◆ YOUR ASSIGNMENT ◆
Give back the whole listing exactly as written, pictures excluded.

►

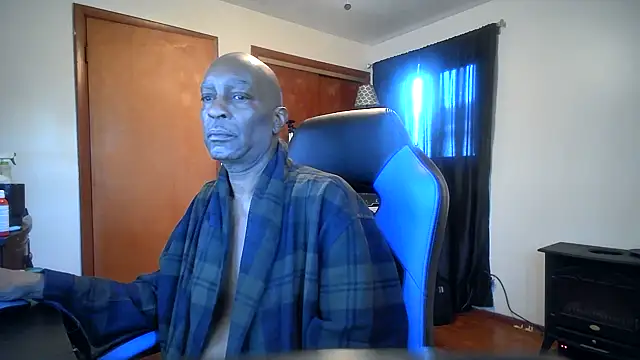 Snapshot of longdick4you8686 chatting on 12.17.24 longdick4you8686 online show from 12.17.24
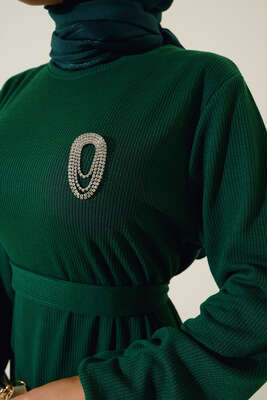 Broş Detaylı Burgu Fitilli Elbise Yeşil - Tesettür Elbise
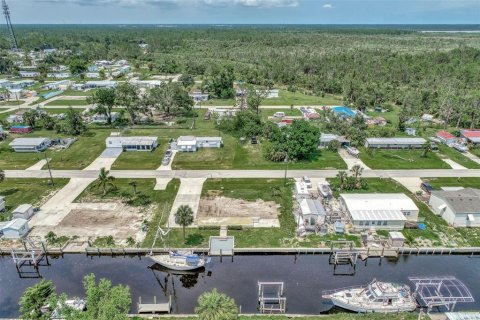 Купить земельный участок в Порт-Шарлотт, Флорида № 569818 - фото 11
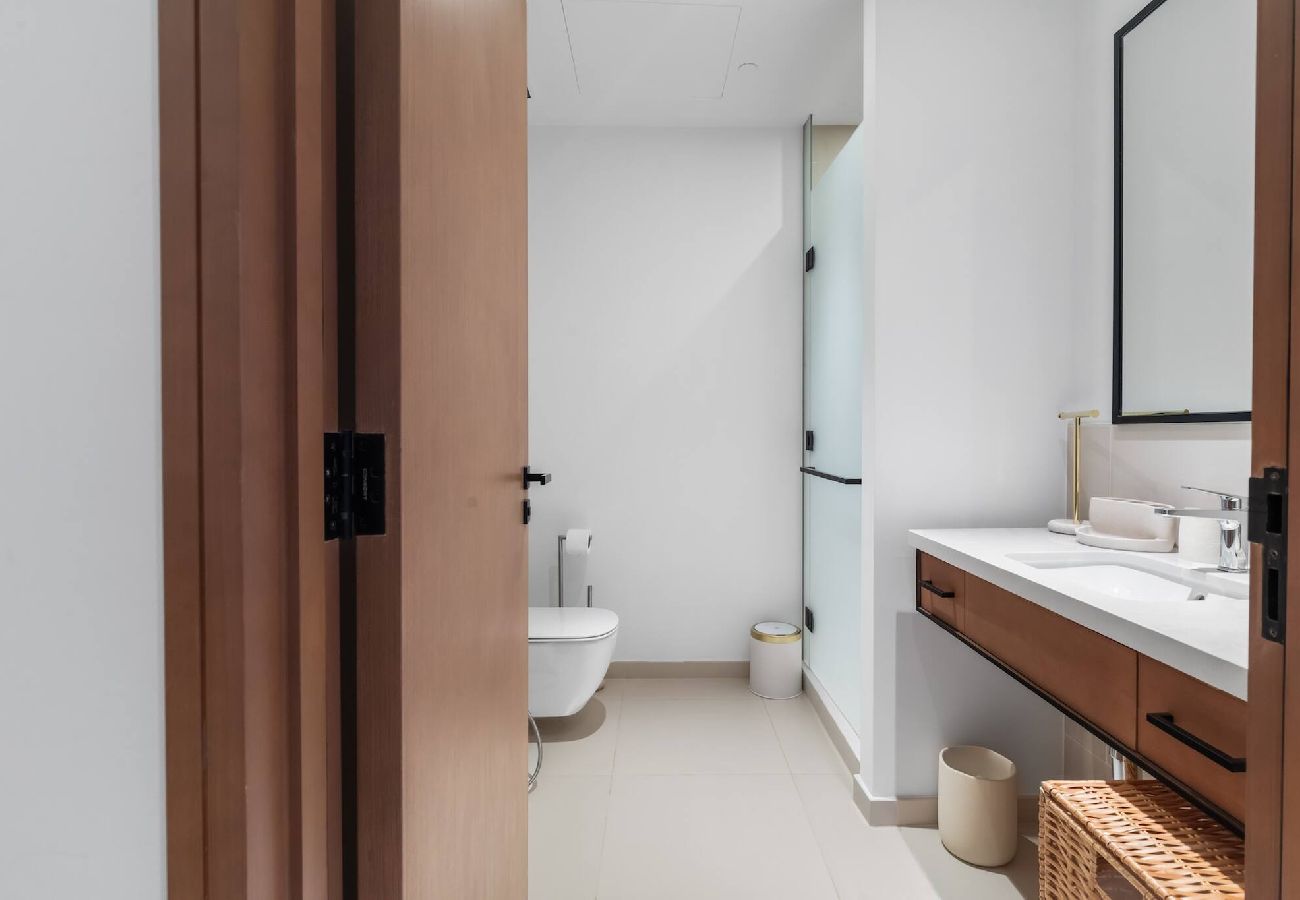Apartment in Dubai - Vida 4007
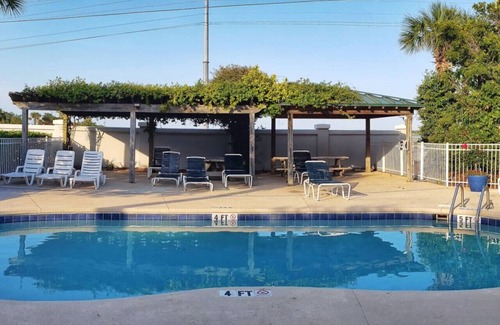Folly Beach Condominio | Beautiful views! W/Pool, pet friendly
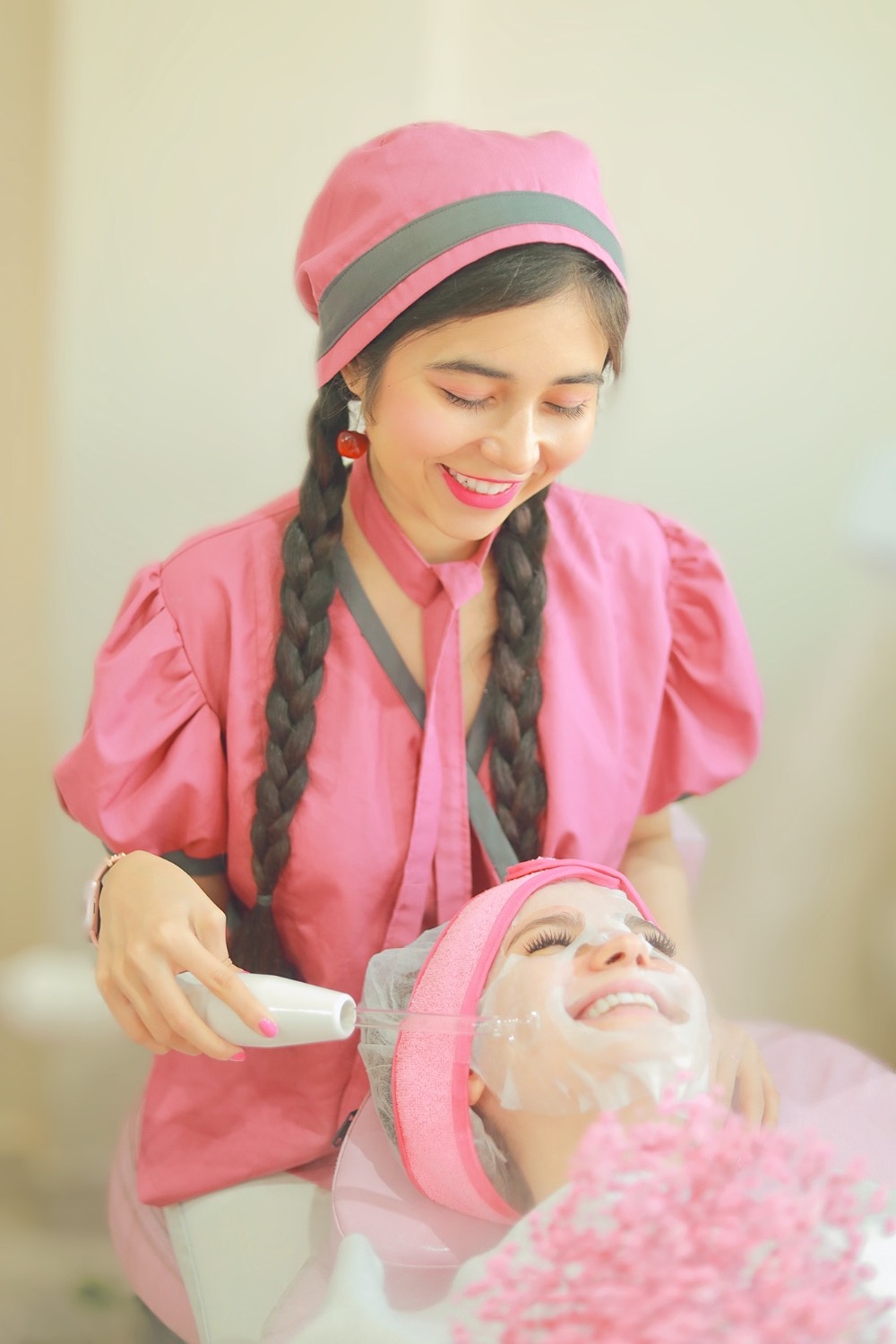 گالری مرکز تخصصی رنگ،لایت و فشیال در شهرک ولیعصر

◄

◆ RESULT FOR THIS EXERCISE ◆
 Snapshot of longdick4you8686 chatting on 12.17.24 longdick4you8686 online show from 12.17.24
 Broş Detaylı Burgu Fitilli Elbise Yeşil - Tesettür Elbise
 Купить земельный участок в Порт-Шарлотт, Флорида № 569818 - фото 11
Apartment in Dubai - Vida 4007
Folly Beach Condominio | Beautiful views! W/Pool, pet friendly
 گالری مرکز تخصصی رنگ،لایت و فشیال در شهرک ولیعصر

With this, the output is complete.